For women like her

Another victim of the crossfire:

AS Scotland emerged from lockdown restrictions in the summer of 2021 Mandy Rhodes began to feel deeply uncomfortable at her work. As the long-time editor of Holyrood magazine, Ms Rhodes is one of Scotland’s most influential political journalists. Her workplace is the Scottish Parliament where she has been reporting and commenting on the business of government for nearly 20 years.

Well we know how that’s going to go.

In recent years she’s become one of several prominent feminists who have found themselves targeted by transgender activists for espousing gender-critical views. Yet, nothing in her long career had prepared her for what she calls the malice beginning to filtrate Scotland’s corridors of power.

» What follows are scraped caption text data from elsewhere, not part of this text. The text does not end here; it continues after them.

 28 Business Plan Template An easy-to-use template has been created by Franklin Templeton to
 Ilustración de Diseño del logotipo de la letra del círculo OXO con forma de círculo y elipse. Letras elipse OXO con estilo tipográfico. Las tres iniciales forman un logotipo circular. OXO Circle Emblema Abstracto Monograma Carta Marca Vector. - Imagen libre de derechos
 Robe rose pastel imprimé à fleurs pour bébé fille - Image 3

Infiltrate, I think he means. Or insinuate it way into, or similar.

She recalls a day in August 2020 when she says it became clear to her that the Scottish Parliament could no longer be considered a welcoming place for women like her who were refusing to remain silent over trans issues.

“I was applying the final touches to a magazine looking back at that term in Parliament and had asked each of the party leaders to reflect on what they felt had been achieved in the preceding months. We were sitting almost on deadline, waiting for Patrick Harvie’s piece to come in.”

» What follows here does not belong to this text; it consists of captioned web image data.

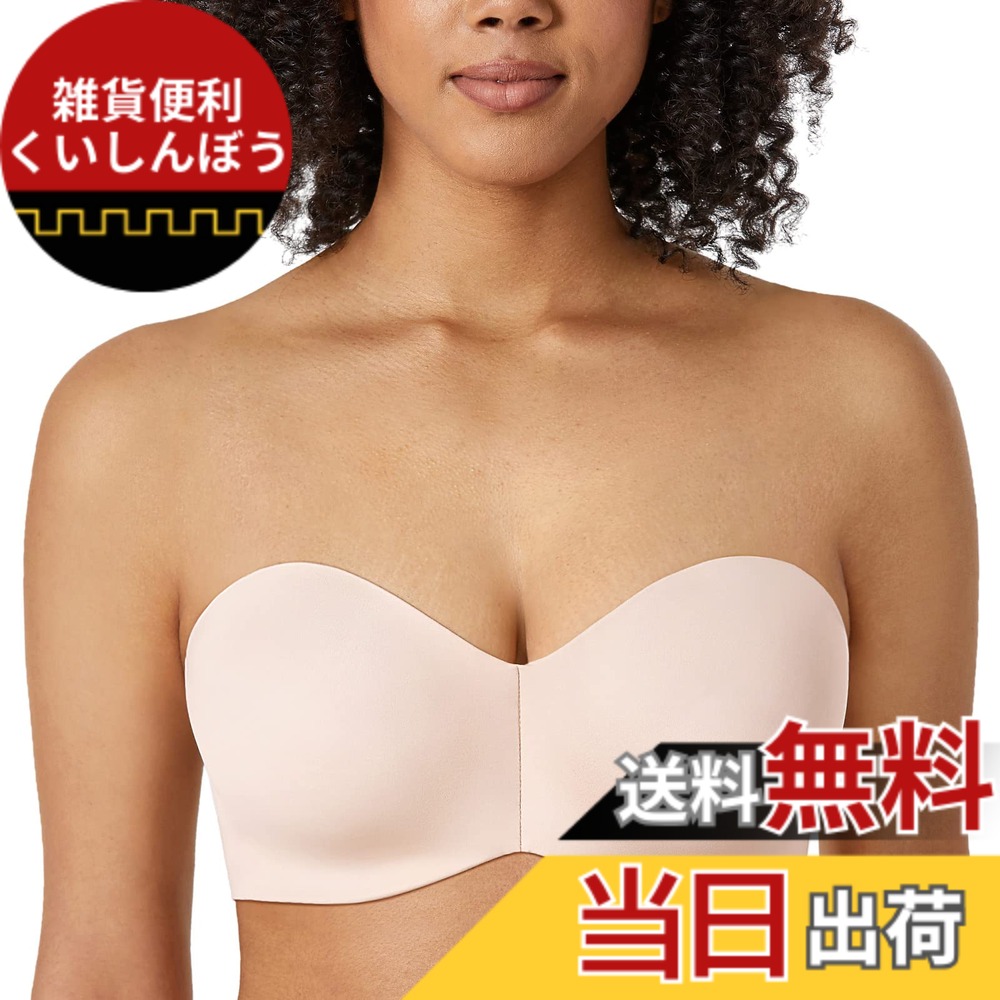 【送料無料】[DELIMIRA] ストラップレスブラ 大きいサイズ 落ちない ワイヤー入り パッドなし シームレス 大きいサイズブラ 肩紐なし 色：ローズホワイト、サイズ：D70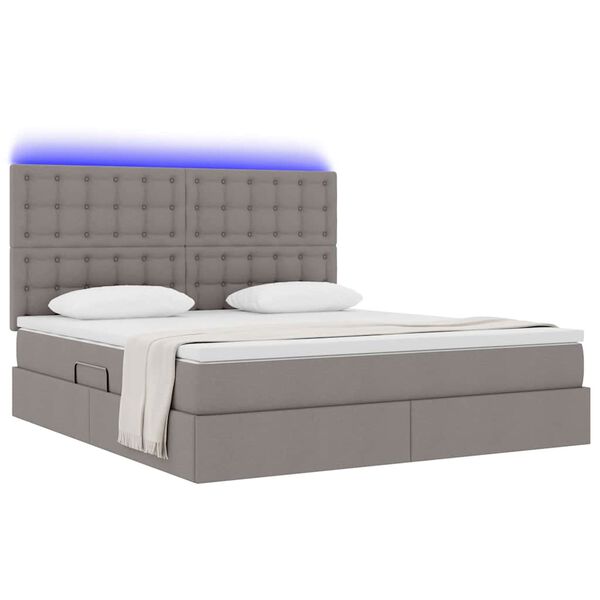 vidaXL Cama com arruma&ccedil;&atilde;o e LED Cinzento-acastanhado 180 x 200 cm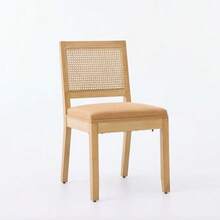 Rattan Dining Chairs Set Of 2, Farmhouse Kitchen Chairs With Cane Back, Mid-Century Modern Side Chairs With Natural Hardwood Frame - Tan - View 3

Patrick Harvie:  Scottish Green Party, MSP for Glasgow.

“Eventually, it came through very late at night. Basically, it was a diatribe about how Holyrood magazine was part of a transphobic campaign and how much I was personally part of it.

“No one who knows me would ever describe me as shy and retiring. Yet I sat in my office crying. It felt like I was – and I don’t like the term ‘bullying’ as it’s used far too much – under siege at that point. I found it very disturbing that a political leader would send me something I’d requested for publication in the nation’s only political magazine and which is part of the architecture around that parliament and use it to call me a transphobe. So, for me going into Parliament now in the knowledge that there are people there who think I’m a bigot is truly astonishing.”

The term “bullying” does get used a lot, but on the other hand there is a lot of it, so that’s at least part of why it’s used a lot. Often it’s the only word that really names what we’re talking about, so we end up having to use it.